Action item: Once you find the line with "Photo of property" in the entries below, print it and each line after it up to and including the line with "1851 W Horn Mesa Place", exactly, without pictures.

Exercise input:
____________
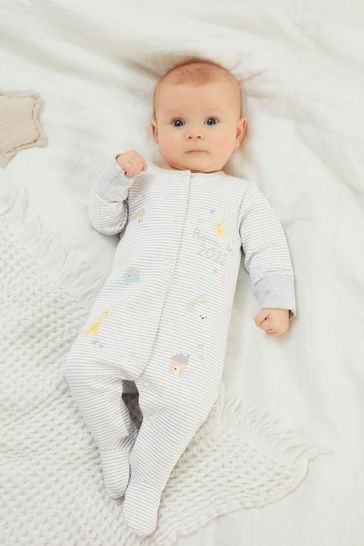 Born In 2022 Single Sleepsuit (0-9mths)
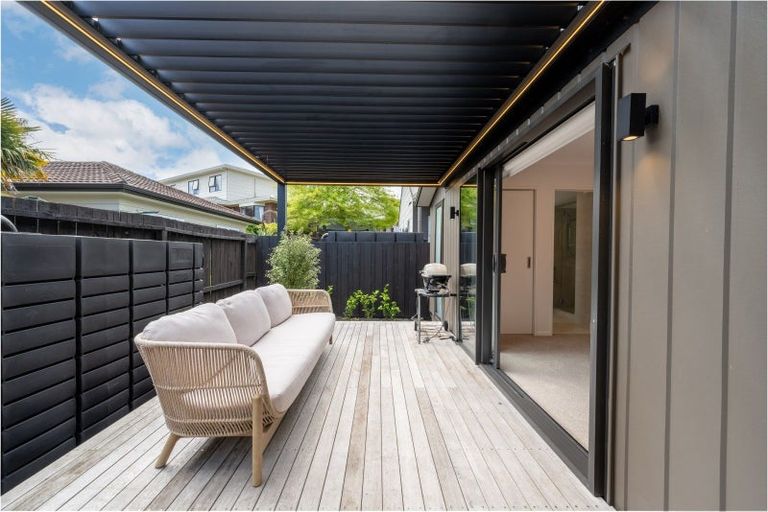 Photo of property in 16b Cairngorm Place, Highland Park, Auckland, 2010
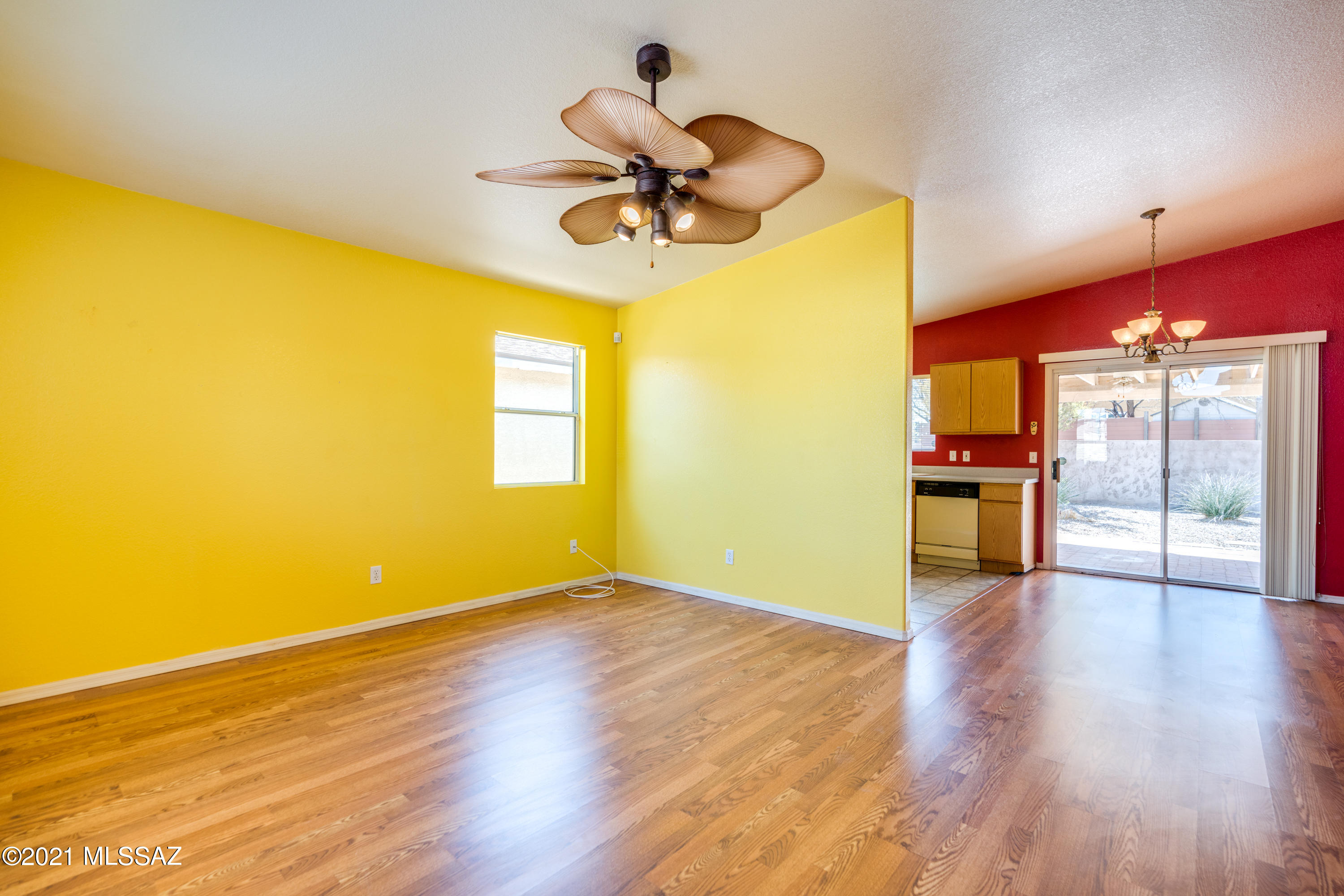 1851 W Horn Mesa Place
____________
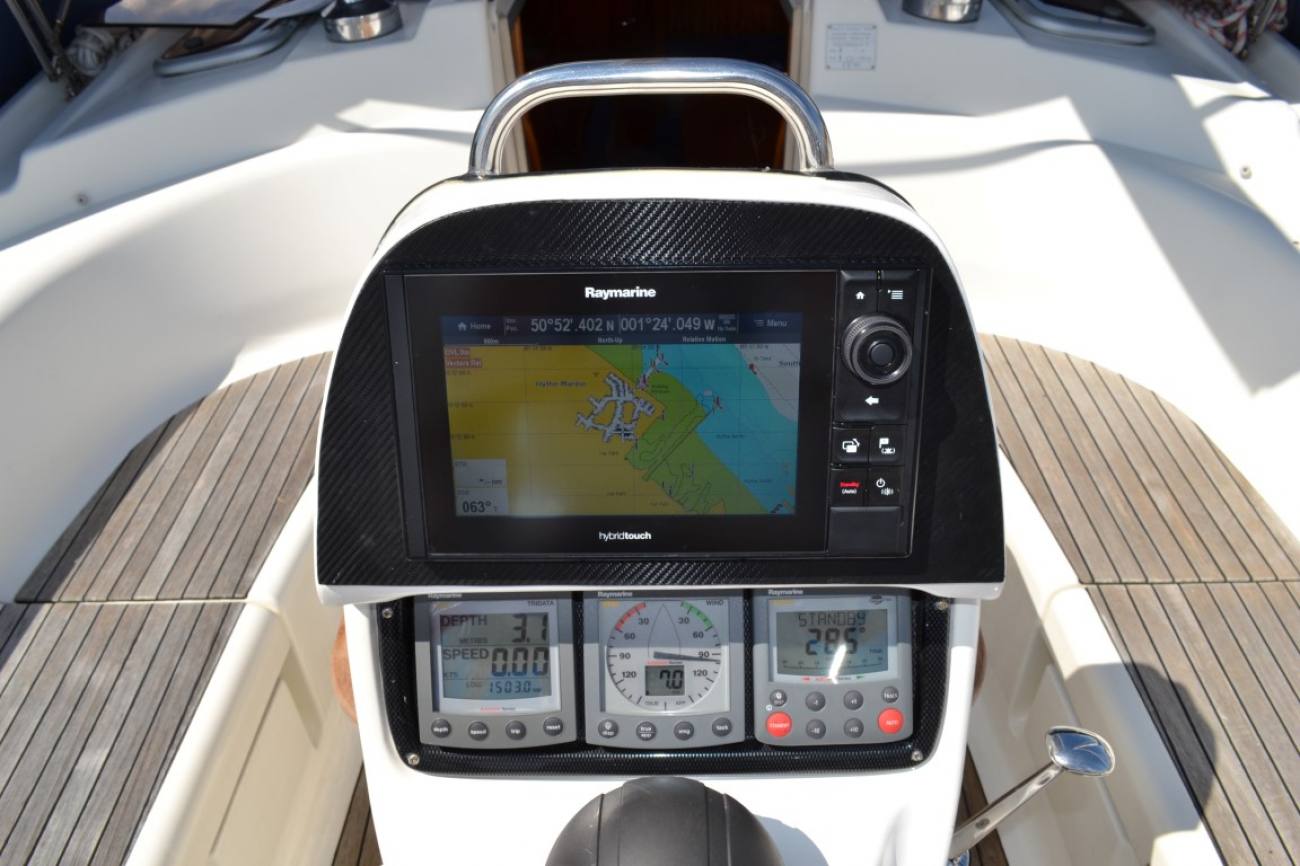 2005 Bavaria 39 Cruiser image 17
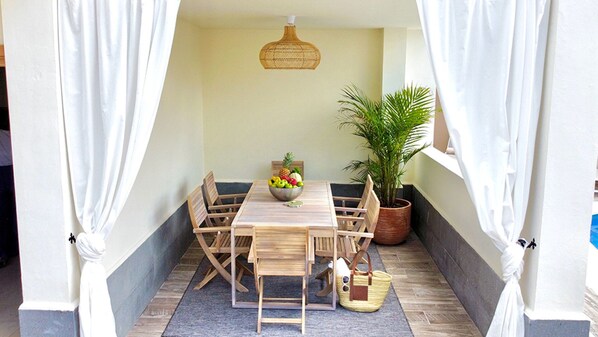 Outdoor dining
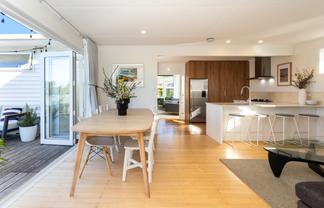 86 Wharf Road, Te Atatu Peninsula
____________
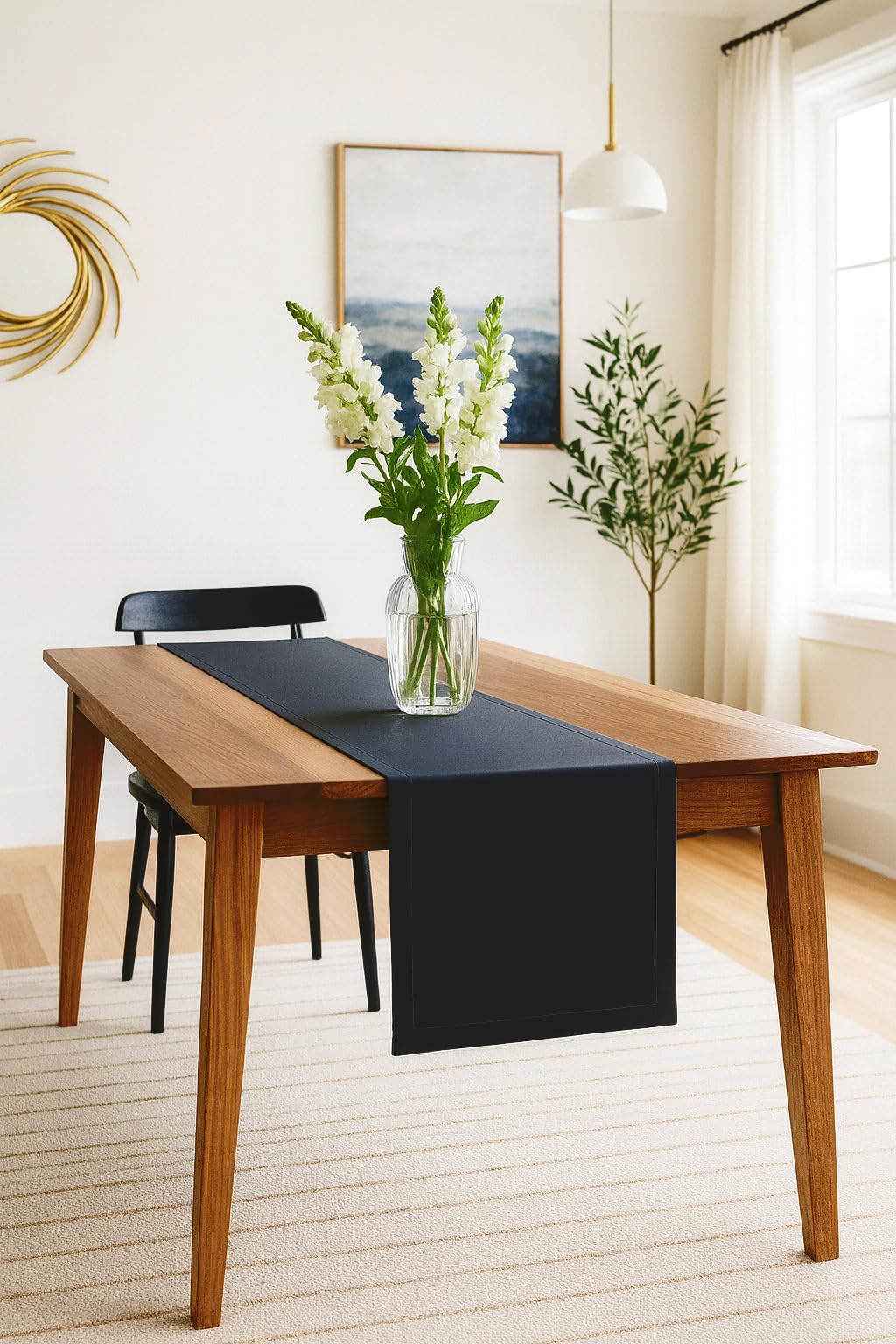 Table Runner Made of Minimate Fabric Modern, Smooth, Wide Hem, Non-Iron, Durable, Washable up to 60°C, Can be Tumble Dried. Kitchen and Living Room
____________
Completed task:
 Photo of property in 16b Cairngorm Place, Highland Park, Auckland, 2010
 1851 W Horn Mesa Place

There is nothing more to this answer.